Related: Iraqi forces liberate half of eastern Mosul as ISIS civilians executions continue

Villagers who fled from the Bartalla sub-district said that up to 60 men were detained in one room inside a school by PMU fighters from the Shabak minority. Eleven men suspected of being ISIS members were then singled out for beatings with metal rods.

Other residents from villages and towns south of Mosul told Amnesty International that fighters with the Tribal Mobilizations looted and damaged their homes or subjected them to arbitrary detention, torture and other ill-treatment, accusing them of supporting ISIS.

Some militia fighters bragged to Amnesty International researchers about blowing-up “Daesh” homes and punishing fighters and their relatives for their crimes.

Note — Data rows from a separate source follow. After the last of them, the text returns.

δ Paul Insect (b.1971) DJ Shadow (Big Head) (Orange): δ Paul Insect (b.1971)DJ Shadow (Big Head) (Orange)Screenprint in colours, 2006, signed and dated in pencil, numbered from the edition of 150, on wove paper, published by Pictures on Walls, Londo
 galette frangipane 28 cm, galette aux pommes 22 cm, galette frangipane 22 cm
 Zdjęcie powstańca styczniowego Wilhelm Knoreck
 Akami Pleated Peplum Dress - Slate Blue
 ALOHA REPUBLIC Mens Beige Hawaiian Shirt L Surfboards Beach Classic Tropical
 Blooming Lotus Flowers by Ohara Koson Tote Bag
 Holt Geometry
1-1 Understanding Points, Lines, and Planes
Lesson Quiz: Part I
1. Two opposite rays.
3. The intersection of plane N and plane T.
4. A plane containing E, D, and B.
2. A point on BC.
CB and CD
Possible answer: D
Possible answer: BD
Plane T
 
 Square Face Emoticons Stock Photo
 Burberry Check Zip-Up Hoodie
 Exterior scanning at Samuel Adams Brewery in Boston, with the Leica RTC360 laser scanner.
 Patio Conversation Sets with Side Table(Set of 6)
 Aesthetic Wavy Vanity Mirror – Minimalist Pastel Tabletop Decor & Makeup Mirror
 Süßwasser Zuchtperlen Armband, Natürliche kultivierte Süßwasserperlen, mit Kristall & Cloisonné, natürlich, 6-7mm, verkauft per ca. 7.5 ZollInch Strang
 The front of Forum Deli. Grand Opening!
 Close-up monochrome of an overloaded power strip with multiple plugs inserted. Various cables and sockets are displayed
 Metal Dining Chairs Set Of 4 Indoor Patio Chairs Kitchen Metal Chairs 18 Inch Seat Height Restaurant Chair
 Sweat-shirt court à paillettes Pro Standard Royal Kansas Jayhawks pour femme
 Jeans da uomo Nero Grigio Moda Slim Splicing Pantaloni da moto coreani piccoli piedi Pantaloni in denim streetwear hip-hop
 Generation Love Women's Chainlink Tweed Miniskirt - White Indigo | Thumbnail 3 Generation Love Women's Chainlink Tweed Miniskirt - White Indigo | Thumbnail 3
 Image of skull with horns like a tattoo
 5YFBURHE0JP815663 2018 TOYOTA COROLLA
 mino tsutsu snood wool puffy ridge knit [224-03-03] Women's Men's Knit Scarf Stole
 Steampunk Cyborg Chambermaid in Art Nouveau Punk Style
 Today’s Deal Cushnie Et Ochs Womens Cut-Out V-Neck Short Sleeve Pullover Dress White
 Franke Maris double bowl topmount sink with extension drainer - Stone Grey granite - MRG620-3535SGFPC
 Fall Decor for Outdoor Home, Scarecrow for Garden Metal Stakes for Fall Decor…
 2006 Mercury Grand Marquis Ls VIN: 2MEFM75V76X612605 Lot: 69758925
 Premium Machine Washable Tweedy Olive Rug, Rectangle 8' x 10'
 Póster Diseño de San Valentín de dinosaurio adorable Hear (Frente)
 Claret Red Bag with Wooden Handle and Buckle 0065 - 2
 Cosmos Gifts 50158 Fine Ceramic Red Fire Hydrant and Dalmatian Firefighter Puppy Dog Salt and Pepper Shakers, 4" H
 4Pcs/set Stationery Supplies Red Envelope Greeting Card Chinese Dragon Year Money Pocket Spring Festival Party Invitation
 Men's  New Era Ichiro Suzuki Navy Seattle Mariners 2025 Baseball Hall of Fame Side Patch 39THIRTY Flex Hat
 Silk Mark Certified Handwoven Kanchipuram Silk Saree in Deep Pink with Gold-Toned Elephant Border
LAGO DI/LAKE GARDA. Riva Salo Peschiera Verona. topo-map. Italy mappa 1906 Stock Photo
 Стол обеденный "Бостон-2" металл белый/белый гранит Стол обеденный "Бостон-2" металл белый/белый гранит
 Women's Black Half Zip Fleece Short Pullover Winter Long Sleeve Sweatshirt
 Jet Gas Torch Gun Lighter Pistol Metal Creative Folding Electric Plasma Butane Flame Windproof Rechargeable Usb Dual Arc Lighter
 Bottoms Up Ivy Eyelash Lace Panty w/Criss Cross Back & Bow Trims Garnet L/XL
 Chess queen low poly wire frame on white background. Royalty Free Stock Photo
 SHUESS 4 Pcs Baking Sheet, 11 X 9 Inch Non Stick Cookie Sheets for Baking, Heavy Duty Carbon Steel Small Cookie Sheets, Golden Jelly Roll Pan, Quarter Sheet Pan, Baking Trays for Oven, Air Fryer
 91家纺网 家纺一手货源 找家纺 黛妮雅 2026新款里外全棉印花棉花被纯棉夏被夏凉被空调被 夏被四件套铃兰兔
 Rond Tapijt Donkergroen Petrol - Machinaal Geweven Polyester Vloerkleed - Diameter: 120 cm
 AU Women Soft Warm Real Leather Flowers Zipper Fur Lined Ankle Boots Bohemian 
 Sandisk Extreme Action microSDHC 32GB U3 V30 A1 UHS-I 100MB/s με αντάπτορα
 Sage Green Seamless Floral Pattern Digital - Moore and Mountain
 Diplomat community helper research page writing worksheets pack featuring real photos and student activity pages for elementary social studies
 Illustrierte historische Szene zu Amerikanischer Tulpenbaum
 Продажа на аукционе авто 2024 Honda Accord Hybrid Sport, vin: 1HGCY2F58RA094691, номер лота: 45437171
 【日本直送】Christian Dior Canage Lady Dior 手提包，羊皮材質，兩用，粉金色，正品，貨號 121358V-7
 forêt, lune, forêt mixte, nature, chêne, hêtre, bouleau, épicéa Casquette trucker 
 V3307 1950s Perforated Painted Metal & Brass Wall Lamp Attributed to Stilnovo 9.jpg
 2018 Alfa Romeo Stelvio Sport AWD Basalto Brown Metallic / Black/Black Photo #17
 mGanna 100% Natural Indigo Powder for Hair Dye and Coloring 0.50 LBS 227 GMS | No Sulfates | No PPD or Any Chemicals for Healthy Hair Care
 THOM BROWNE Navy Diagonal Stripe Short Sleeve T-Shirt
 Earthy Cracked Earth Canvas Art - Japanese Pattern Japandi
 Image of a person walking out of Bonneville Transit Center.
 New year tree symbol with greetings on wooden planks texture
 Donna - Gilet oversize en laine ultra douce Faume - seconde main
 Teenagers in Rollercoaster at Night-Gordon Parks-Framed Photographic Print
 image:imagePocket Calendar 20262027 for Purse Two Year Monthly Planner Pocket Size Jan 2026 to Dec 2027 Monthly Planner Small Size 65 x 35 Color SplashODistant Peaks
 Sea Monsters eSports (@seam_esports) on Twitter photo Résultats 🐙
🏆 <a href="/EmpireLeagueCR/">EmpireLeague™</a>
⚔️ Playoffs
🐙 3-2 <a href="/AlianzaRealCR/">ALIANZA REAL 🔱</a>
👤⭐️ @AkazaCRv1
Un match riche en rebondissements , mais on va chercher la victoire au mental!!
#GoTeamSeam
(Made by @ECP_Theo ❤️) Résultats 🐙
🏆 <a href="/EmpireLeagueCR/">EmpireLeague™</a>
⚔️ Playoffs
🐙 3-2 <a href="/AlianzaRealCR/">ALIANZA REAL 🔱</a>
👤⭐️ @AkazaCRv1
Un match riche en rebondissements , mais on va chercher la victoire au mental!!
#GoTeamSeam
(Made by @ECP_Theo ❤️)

Unless Iraqi authorities promptly rein in militias, removing those suspected of abuses from duty, there are real risks that militias will be further emboldened to take the law into their own hands and mete out revenge punishments against those they perceive to have supported or sympathized with ISIS.

The countless victims of ISIS crimes deserve justice and redress for the horrific abuses they have suffered. However, carrying out revenge attacks as vigilante “justice” does them a tremendous disservice. It also risks perpetuating the cycle of violations and injustice long after the battle for Mosul ends.